President Obama Criticizes Mitch McConnell in Finance Reform Push

President critcizes Kentucky senator for "cynical, deceptive assertion."

WASHINGTON, April 17, 2010 — -- President Obama used his weekly address today to remind Americans of all the damage left in the wake of the financial crisis and the need to pass financial reform.

"Eight million jobs lost, trillions in savings erased, countless dreams diminished or denied," Obama said. "I believe we have to do everything we can to ensure that no crisis like this ever happens again."
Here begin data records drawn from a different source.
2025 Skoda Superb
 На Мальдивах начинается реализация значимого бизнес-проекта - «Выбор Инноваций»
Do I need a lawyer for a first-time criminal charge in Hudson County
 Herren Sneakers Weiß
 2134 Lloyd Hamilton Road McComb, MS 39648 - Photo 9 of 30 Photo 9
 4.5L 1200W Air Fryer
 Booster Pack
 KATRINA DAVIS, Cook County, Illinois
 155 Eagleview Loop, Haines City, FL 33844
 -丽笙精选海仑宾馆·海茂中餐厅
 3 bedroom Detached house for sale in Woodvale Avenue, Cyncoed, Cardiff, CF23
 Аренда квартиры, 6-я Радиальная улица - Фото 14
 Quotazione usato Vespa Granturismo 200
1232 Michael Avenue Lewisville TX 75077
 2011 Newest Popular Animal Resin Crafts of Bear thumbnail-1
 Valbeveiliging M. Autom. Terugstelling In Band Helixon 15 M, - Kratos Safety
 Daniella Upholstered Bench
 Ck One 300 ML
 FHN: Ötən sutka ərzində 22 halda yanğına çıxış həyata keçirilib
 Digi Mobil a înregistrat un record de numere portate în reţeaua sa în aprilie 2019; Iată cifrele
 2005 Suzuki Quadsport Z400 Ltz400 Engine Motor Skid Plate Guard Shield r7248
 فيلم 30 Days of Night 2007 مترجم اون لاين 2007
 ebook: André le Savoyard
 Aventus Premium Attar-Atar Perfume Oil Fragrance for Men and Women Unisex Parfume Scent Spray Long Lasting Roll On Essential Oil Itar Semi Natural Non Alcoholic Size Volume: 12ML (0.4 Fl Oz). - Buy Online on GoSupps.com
But the president also got personal today, directly attacking Senator Minority Leader Mitch McConnell for leading the charge against the Democrats' financial reform bill now making its way through Congress.

In his address, the president cited a meeting the Kentucky Republican had weeks ago with Wall Street Executives.

"Lo and behold, when he returned to Washington, the Senate Republican Leader came out against the common-sense reforms we've proposed," the president said. "In doing so, he made the cynical and deceptive assertion that reform would somehow enable future bailouts -- when he knows that it would do just the opposite."

Administration officials say the current reform bill has two primary objectives: to protect taxpayers from bearing the risk of future bank failure and to bring the derivatives market out of the "shadow market" so it can be better regulated.

Republicans have been railing against the bill, in particular a $50 billion fund -- paid for by the banks -- intended to pay for possible bank failures in the future.

The White House doesn't support the idea of such a fund, either, but Republicans are using it as an opportunity to ink the entire bill with the poisonous "bailout" moniker.

On the Senate floor earlier this week, McConnell said: "In fact, if you look at it carefully, it will lead to endless taxpayer bailouts of Wall Street banks."

All 41 Senate Republicans signed a letter Friday saying they will block the current reform bill if and when it is brought to the floor next week. The bill, they say, "establishes new and unlimited regulatory powers that will stifle small businesses and community banks."

Punctuating the political battle over financial reform is the latest revelation linking Wall Street greed to the disastrous U.S. housing crisis.

On Friday, the Securities and Exchange Commission slapped Goldman Sachs with a civil suit, alleging widespread investor fraud.

"The civil suit raises the level of awareness of deceit on Wall Street, the selfishness and self-serving behavior that needs to be regulated," University of Maryland economist Peter Morici said. "We might have gotten financial services reform without it, but this makes it more likely."

But when it will happen is unclear.

Republicans say they want to go back to the drawing board in hopes of getting a true bi-partisan bill.

But earlier this week White House press secretary Robert Gibbs said the administration would not support bad policy just for the sake of bi-partisanship. He used a rather obscure analogy to suggest that when it comes to bi-partisanship, Republicans are afraid of commitment.

"A lot of Republicans get to church," he said, "but very few of them have made it to the altar."